Al-Kindi mendefinisikan filsafat sebagai ilmu mengenai hakekat segala sesuatu, yang dicapai dengan kemampuan manusia. Bagi seorang filosof, tujuan mengetahui adalah mengetahui kebenaran; semua apa yang ia lakukan demi menemukan kebenaran, bukan tindakan yang sia-sia. Sementara al-Khawarizm berpendapat bahwa filsafat adalah ilmu mengenai hakekat sesuatu dan usaha untuk melakukan hal-hal yang patut dilakukan (ma huwa ashlah).

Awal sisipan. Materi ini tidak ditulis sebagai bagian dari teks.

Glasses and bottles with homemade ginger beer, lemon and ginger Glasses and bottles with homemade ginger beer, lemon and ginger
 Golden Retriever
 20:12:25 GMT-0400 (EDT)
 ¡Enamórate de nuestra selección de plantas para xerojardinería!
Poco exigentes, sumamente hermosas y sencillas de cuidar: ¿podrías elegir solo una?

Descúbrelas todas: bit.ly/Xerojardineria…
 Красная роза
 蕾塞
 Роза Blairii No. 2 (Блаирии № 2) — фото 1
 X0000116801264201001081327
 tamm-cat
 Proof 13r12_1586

Diantara ciri-ciri filsafat adalah berpikir kritis, logik dan argumentatif. Kritis berarti mau melakukan pemeriksaan kedua (mengoreksi ulang) terhadap bahan-bahan yang disajikan oleh paham awam. Memiliki pengetahuan banyak tidak dengan sendirinya akan mendorong kita untuk memahami, karena pengetahuan banyak belum tentu mengajar akal untuk mengadakan evaluasi kritik terhadap fakta-fakta yang memerlukan pertimbangan yang bersifat konsisten dan koheren.

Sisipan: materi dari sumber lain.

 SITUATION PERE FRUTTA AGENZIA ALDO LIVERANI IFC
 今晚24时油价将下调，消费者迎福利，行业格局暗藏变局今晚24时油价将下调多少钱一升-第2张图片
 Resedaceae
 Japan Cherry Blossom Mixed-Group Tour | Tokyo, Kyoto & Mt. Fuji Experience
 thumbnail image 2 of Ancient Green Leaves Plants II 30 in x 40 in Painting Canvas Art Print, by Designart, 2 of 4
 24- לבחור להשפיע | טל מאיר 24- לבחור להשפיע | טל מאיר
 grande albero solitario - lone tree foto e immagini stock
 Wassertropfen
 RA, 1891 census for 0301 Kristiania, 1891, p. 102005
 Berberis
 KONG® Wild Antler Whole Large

Logis dan argumentatif berarti berpikir secara sistematis dengan berpijak pada premis-premis untuk mendapatkan konklusi yang sehat dan masuk akal. Ia adalah kemampuan untuk memeriksa suatu argumen dari segi konsistensi logika untuk mengetahui akibat-akibat logis dari asumsi-asumsi dan untuk menentukan kebenaran suatu bukti yang dipakai oleh seorang filosof. Hal ini diperlukan untuk memahami watak dari sebuah pemikiran yang benar dan mengungkapkan cara berpikir yang sehat.
Problem utama yang muncul ketika hendak mendialogkan wahyu (agama) dan filsafat adalah masalah epistemologi. Yaitu, masalah asal (origins); apakah sumber-sumber pengetahuan?, dari mana pengetahuan yang benar itu datang, dan bagaimana kita dapat mengetahui? Ini menjadi problem mendasar bagi seorang muslim dalam memperlakukan wahyu dan filsafat.

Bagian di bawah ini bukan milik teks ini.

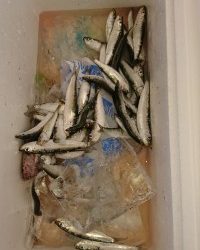 和歌山マリーナシティ釣り公園 釣果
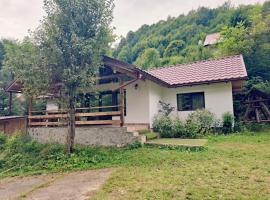 Rustic Home，位于Ciungetu的酒店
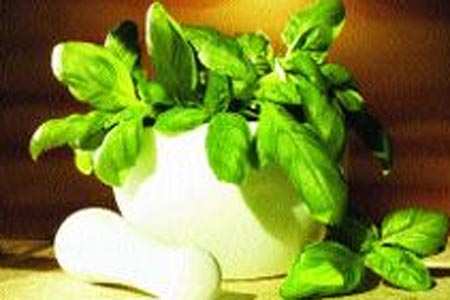 many-sided basil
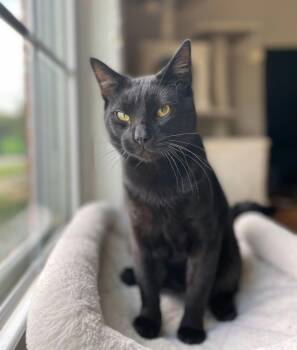 Ozzy (Bonded to Bowie) -  Bombay and Domestic Short Hair Cat for Adoption in Chuckey, Tennessee - Ozzy (Bonded To Bowie) | PetCurious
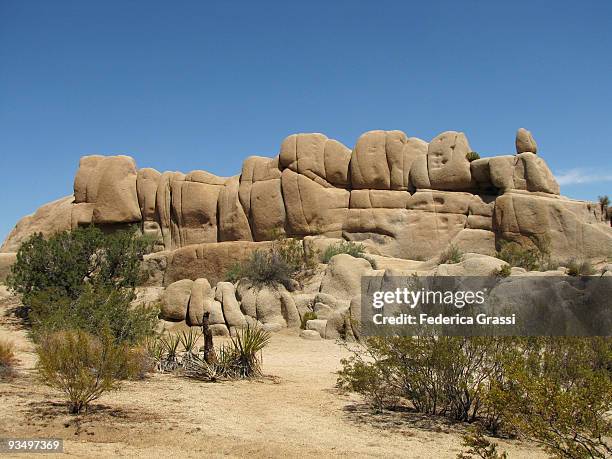 Jumbo Rocks 99 Jumbo Rocks Campground Stock Photos, High-Res Pictures, and Images ...
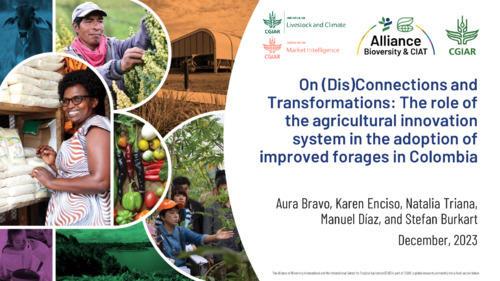 On (Dis)Connections and Transformations - The role of the agricultural innovation system in the adoption of improved forages in Colombia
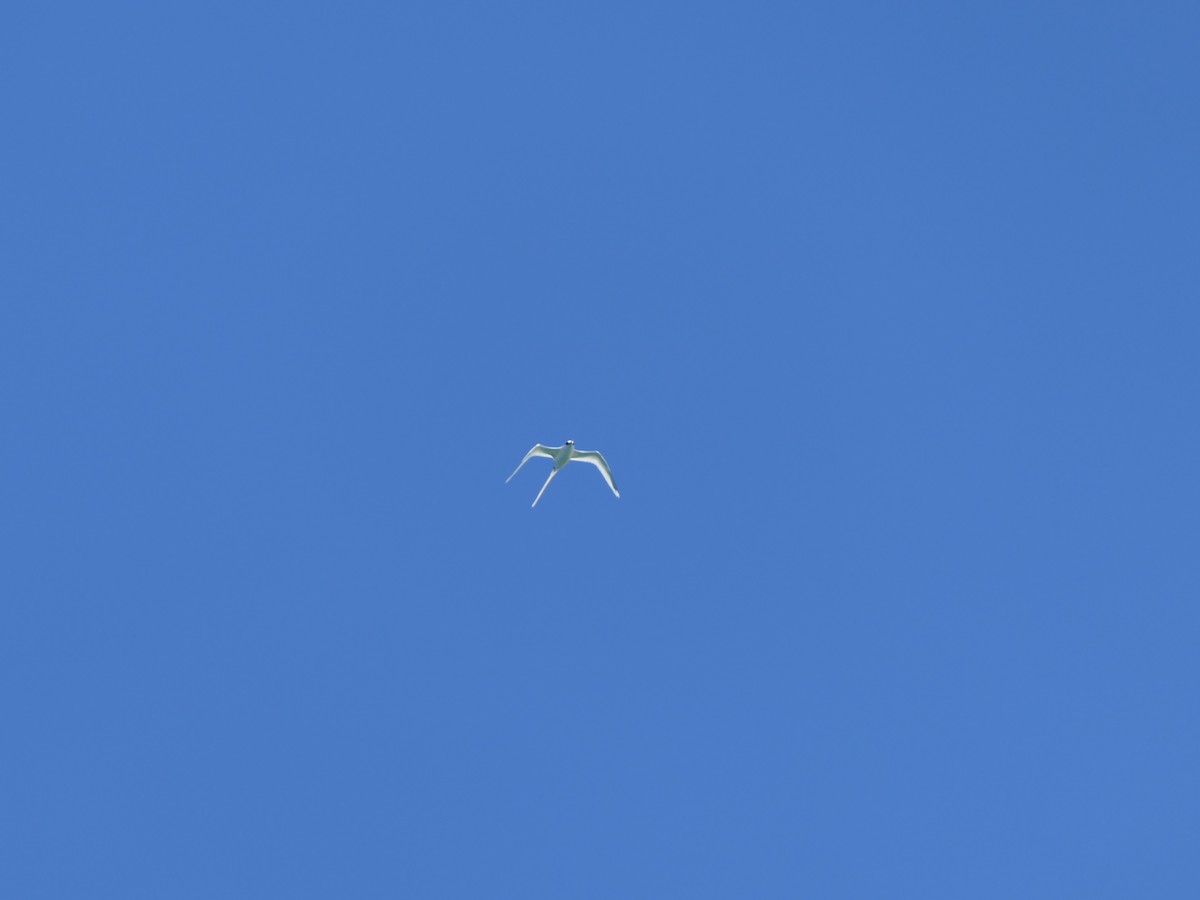 Weißschwanz-Tropikvogel - ML619563551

Secara simplistis, mungkin dapat digambarkan bahwa wahyu berasal dari Allah sedangkan filsafat bertumpu pada akal manusia. Wahyu adalah ilmu Tuhan (al-ilm al-ilahi), sementara filsafat adalah ilmu manusia (al-ilm al-insani). Pengetahuan dalam konteks wahyu tidak lain adalah pengetahuan yang bersumber dari firman Allah (yang dalam hal ini teks al-Qur’an); pengetahuan menjadi hak prerogratif Tuhan. Sedangkan pengetahuan dalam konteks filsafat berarti bahwa pengetahuan itu didapat melalui proses berpikir akal manusia. Jelas, antara keduanya tidak dapat dipertemukan.
Bahwa wahyu (agama) dan filsafat adalah dua hal yang berbeda. Keduanya memiliki wilayah dan hakekatnya masing-masing. Lalu, bagaimana mendudukkan keduanya?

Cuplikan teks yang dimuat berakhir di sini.